====== Dataset excerpts

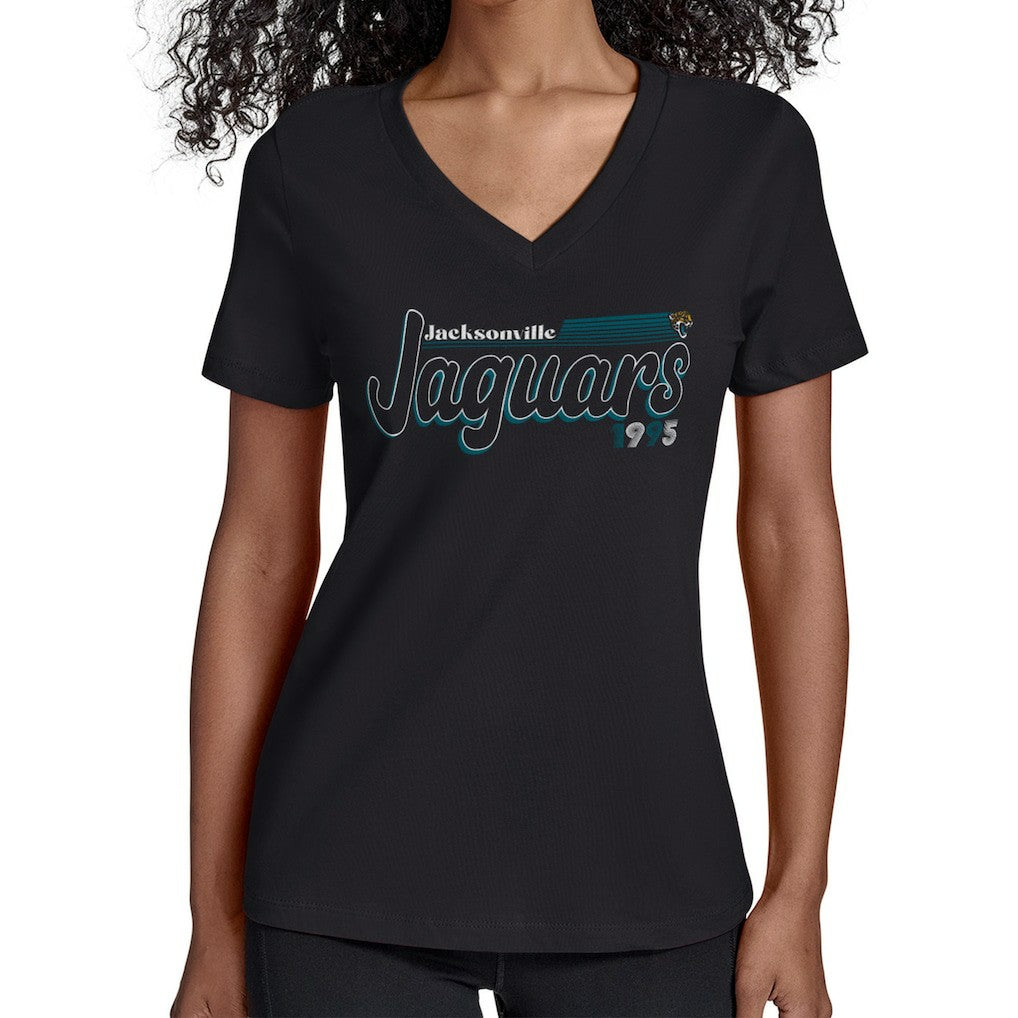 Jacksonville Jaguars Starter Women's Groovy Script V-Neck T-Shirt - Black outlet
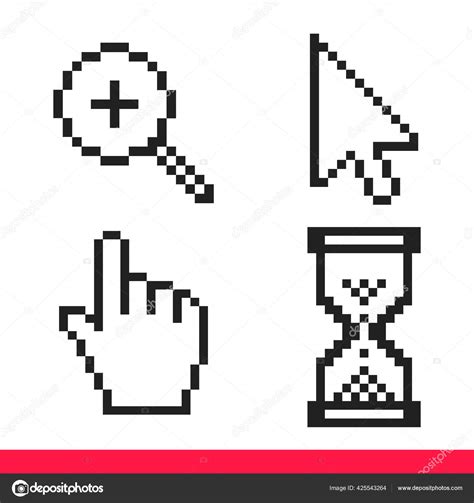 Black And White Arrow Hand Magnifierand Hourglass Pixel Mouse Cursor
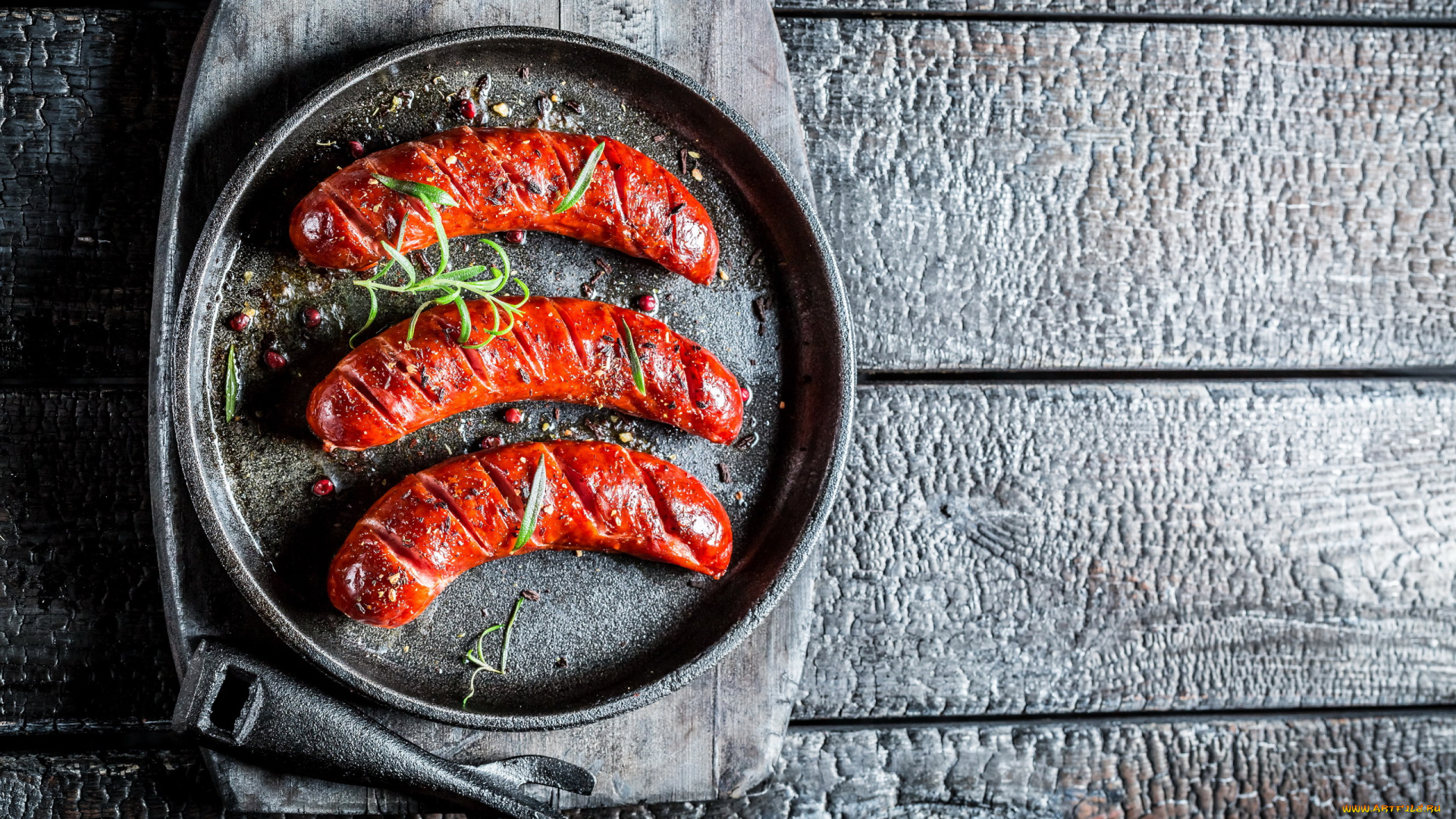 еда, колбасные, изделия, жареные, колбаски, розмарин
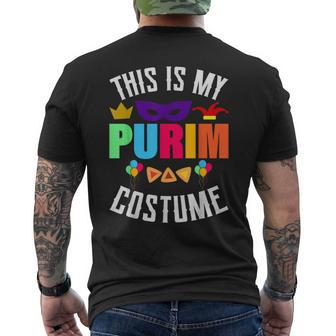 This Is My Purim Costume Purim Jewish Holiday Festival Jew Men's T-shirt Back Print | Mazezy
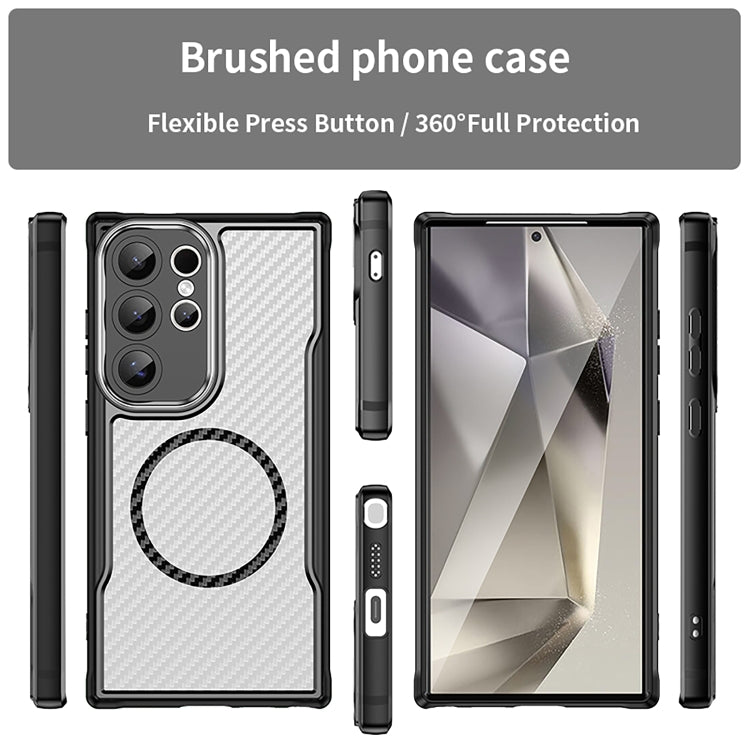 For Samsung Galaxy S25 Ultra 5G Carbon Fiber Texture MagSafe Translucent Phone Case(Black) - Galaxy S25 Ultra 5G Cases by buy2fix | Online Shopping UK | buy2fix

============
====== Dataset excerpts

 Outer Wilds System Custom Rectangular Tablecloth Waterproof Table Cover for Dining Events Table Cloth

============

Going by the data above, the answer is exactly the lines from the one holding "еда, колбасные, изделия, жареные, колбаски, розмарин" to the one holding "For Samsung Galaxy", both kept, with the pictures left out.

*Answer for the task*
 еда, колбасные, изделия, жареные, колбаски, розмарин
 This Is My Purim Costume Purim Jewish Holiday Festival Jew Men's T-shirt Back Print | Mazezy
 For Samsung Galaxy S25 Ultra 5G Carbon Fiber Texture MagSafe Translucent Phone Case(Black) - Galaxy S25 Ultra 5G Cases by buy2fix | Online Shopping UK | buy2fix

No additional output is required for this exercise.